_EXERCISE_:
When you reach the line with "湖人双核伤退 詹姆斯孤军奋战冲击季后赛" in the listing below, write out that line and every one after it exactly, and skip the pictures.

_EXTRACTED ENTRIES_:
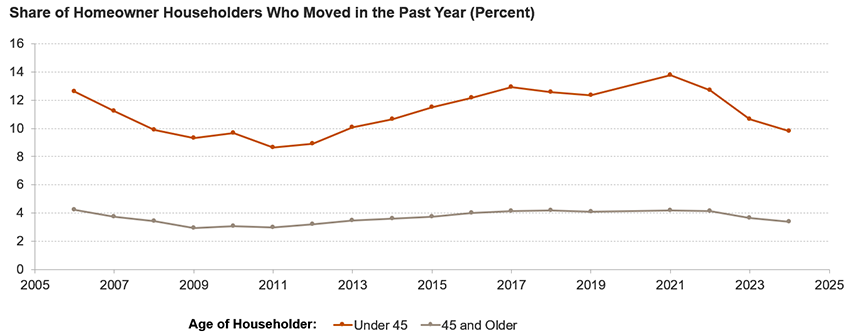 This figure shows homeowner household mobility rates by age from 2006–2024. It shows volatility in mobility among homeowners aged under 45, with a sharp decline from 2006–2011, a notable recovery in the 2010s, a sharp increase in 2021, and then another sharp decline from 2022–2024. Homeowners age 45 and older have lower and less volatile mobility rates, but their trends still mirror younger homeowners, with a decline around the Great Recession of 2008, recovery in the 2010s, and a more recent decline.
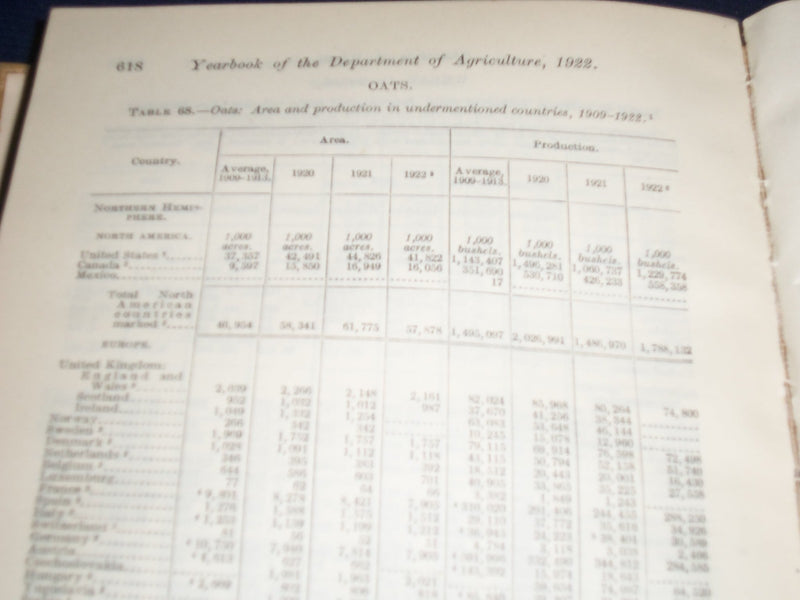 1922 UNITED STATES DEPT OF AGRICULTURE YEARBOOK - MAPS + INFO + PHOTOS - KD 2144
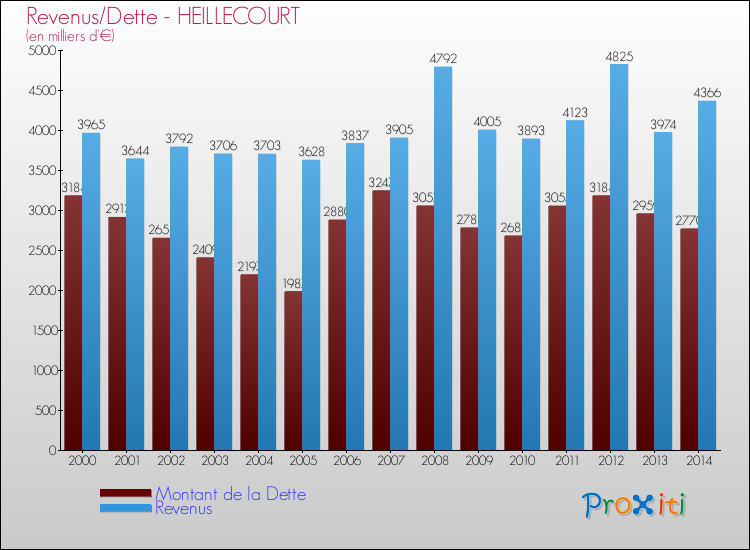 Evolution comparée de la dette et des revenus pour la commune de HEILLECOURT de 2000 à 2014 Comparaison de la dette et des revenus pour HEILLECOURT de 2000 à 2014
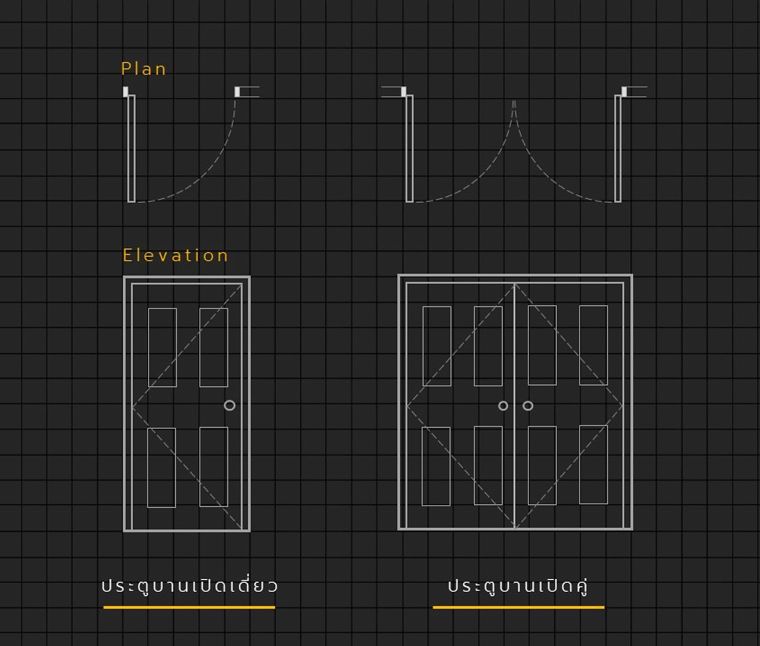 ประตูหน้าต่าง (Doors & Windows) มีกี่ประเภท แต่ละประเภทมีคุณสมบัติ และวิธีการใช้งานอย่างไร ภาพประกอบ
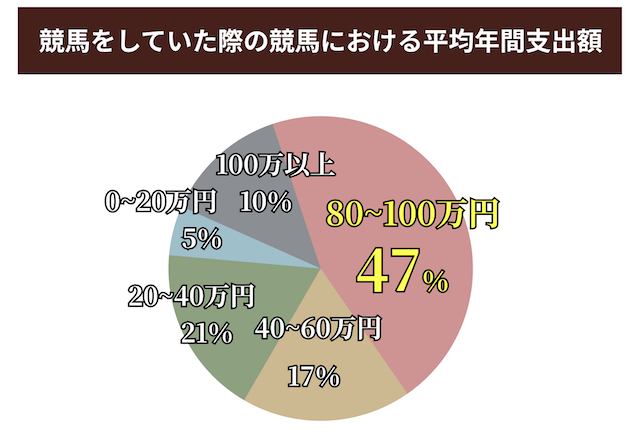 競馬をやめた前後の資金に関するデータ画像
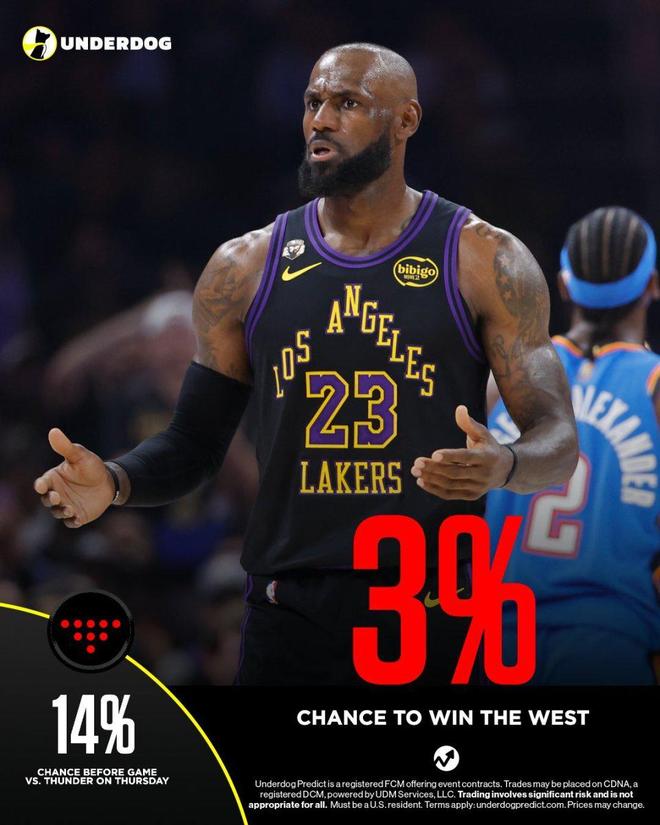 湖人双核伤退 詹姆斯孤军奋战冲击季后赛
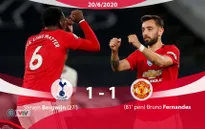 Tottenham 1-1 Man Utd: Bruno Fernandes lấy lại 1 điểm cho Quỷ đỏ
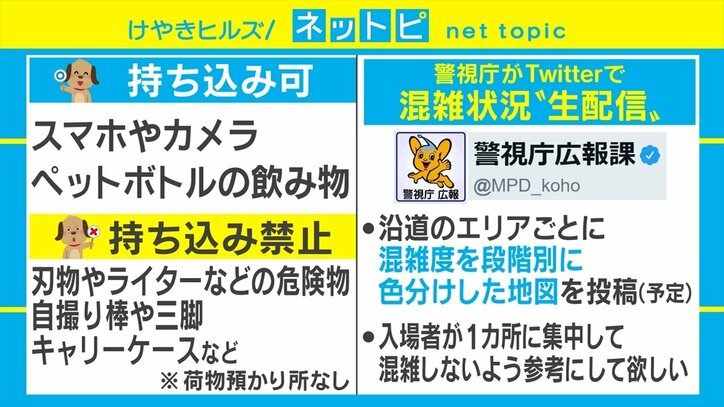 祝賀パレード当日は混雑度を“生配信” 警視庁が手荷物検査場40カ所の設置を発表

_OUTPUT FOR THIS TASK_:
 湖人双核伤退 詹姆斯孤军奋战冲击季后赛
 Tottenham 1-1 Man Utd: Bruno Fernandes lấy lại 1 điểm cho Quỷ đỏ
 祝賀パレード当日は混雑度を“生配信” 警視庁が手荷物検査場40カ所の設置を発表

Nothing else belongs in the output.